Activity »
Copy every entry exactly as it stands, though any image it holds should stay out of the copy.

Records provided »
Start of Block
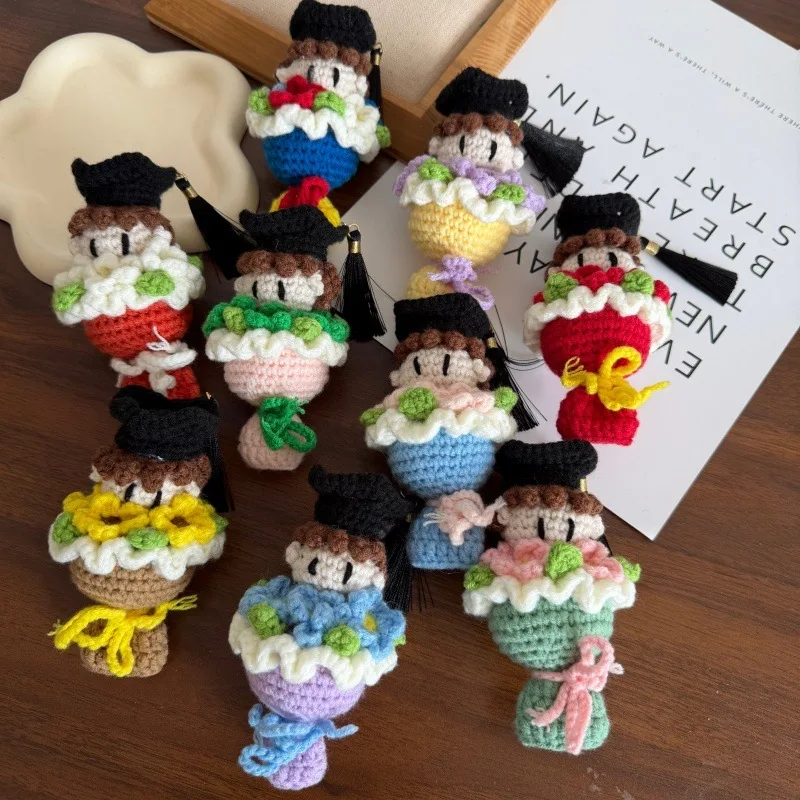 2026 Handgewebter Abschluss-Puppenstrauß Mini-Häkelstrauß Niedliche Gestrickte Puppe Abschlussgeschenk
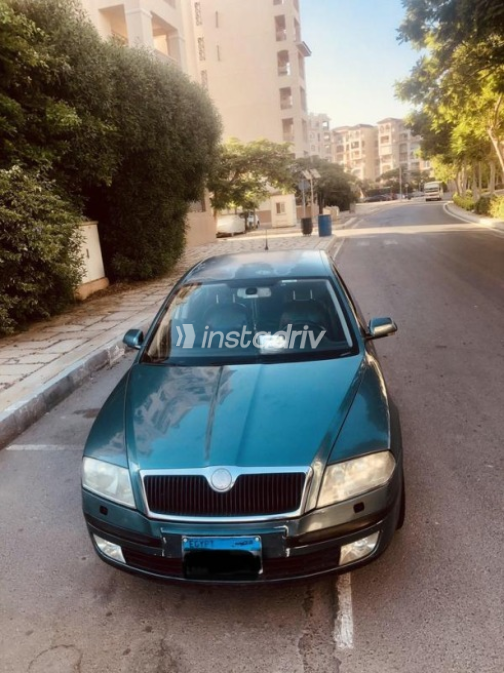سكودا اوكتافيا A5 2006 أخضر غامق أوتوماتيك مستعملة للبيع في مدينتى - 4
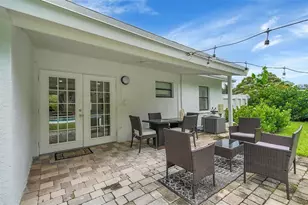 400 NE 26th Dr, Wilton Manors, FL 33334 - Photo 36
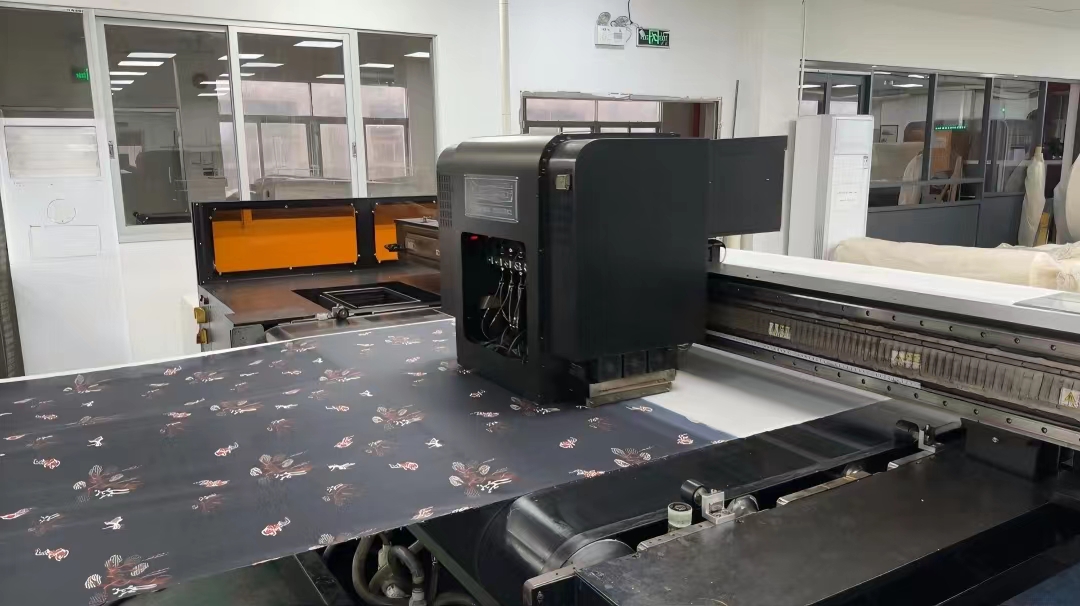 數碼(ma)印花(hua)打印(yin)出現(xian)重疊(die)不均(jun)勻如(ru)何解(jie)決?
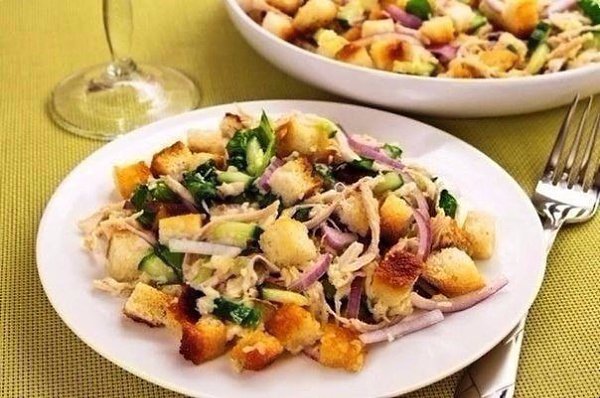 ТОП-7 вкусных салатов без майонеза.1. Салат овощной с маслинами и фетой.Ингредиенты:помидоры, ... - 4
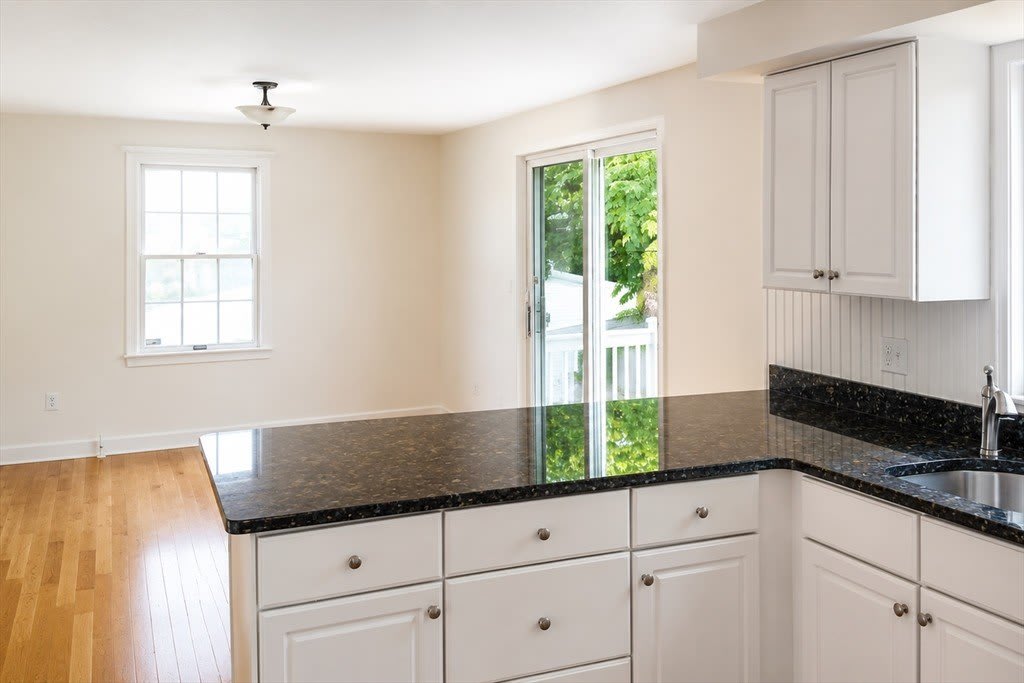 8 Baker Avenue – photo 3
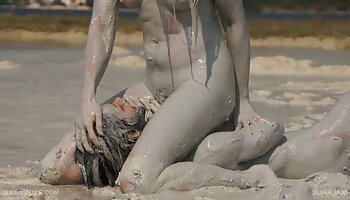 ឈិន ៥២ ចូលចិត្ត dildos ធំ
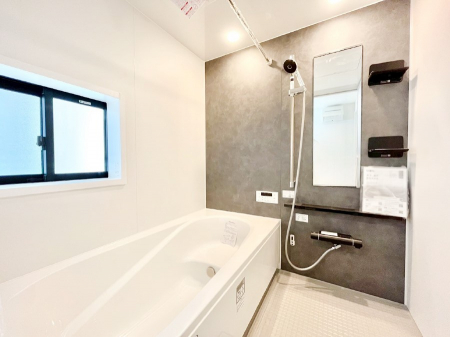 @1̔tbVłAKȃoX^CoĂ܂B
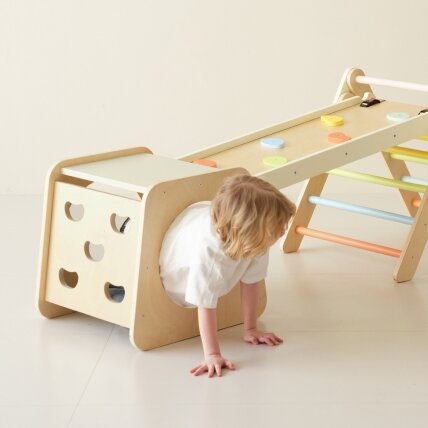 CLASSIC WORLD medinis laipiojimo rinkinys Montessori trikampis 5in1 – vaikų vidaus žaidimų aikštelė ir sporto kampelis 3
End of Block
Result for this task »
 2026 Handgewebter Abschluss-Puppenstrauß Mini-Häkelstrauß Niedliche Gestrickte Puppe Abschlussgeschenk
سكودا اوكتافيا A5 2006 أخضر غامق أوتوماتيك مستعملة للبيع في مدينتى - 4
 400 NE 26th Dr, Wilton Manors, FL 33334 - Photo 36
 數碼(ma)印花(hua)打印(yin)出現(xian)重疊(die)不均(jun)勻如(ru)何解(jie)決?
 ТОП-7 вкусных салатов без майонеза.1. Салат овощной с маслинами и фетой.Ингредиенты:помидоры, ... - 4
 8 Baker Avenue – photo 3
 ឈិន ៥២ ចូលចិត្ត dildos ធំ
 @1̔tbVłAKȃoX^CoĂ܂B
 CLASSIC WORLD medinis laipiojimo rinkinys Montessori trikampis 5in1 – vaikų vidaus žaidimų aikštelė ir sporto kampelis 3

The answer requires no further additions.